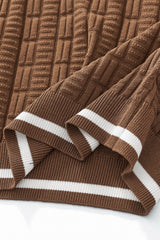 Barocco Textura Men's Knit Polo - Coffee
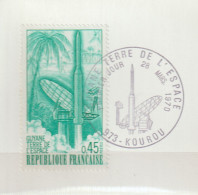 FRANCE : N° 1635 Oblitéré Sur Fragment TàD 1er Jour : 26.3.1970 à Kourou -973- (Lancement De La Fusée "Diamant B") - - Used Stamps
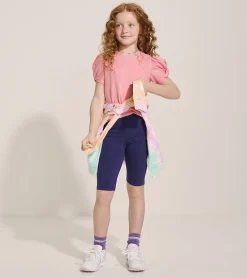 Online Girls Pink Sachet Twisted Sleeve Tee Tops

────────────────

● WORK REQUEST: Output the whole of the data, unchanged; keep the pictures out.

● RESPONSE:
 Barocco Textura Men's Knit Polo - Coffee
 FRANCE : N° 1635 Oblitéré Sur Fragment TàD 1er Jour : 26.3.1970 à Kourou -973- (Lancement De La Fusée "Diamant B") - - Used Stamps
 Online Girls Pink Sachet Twisted Sleeve Tee Tops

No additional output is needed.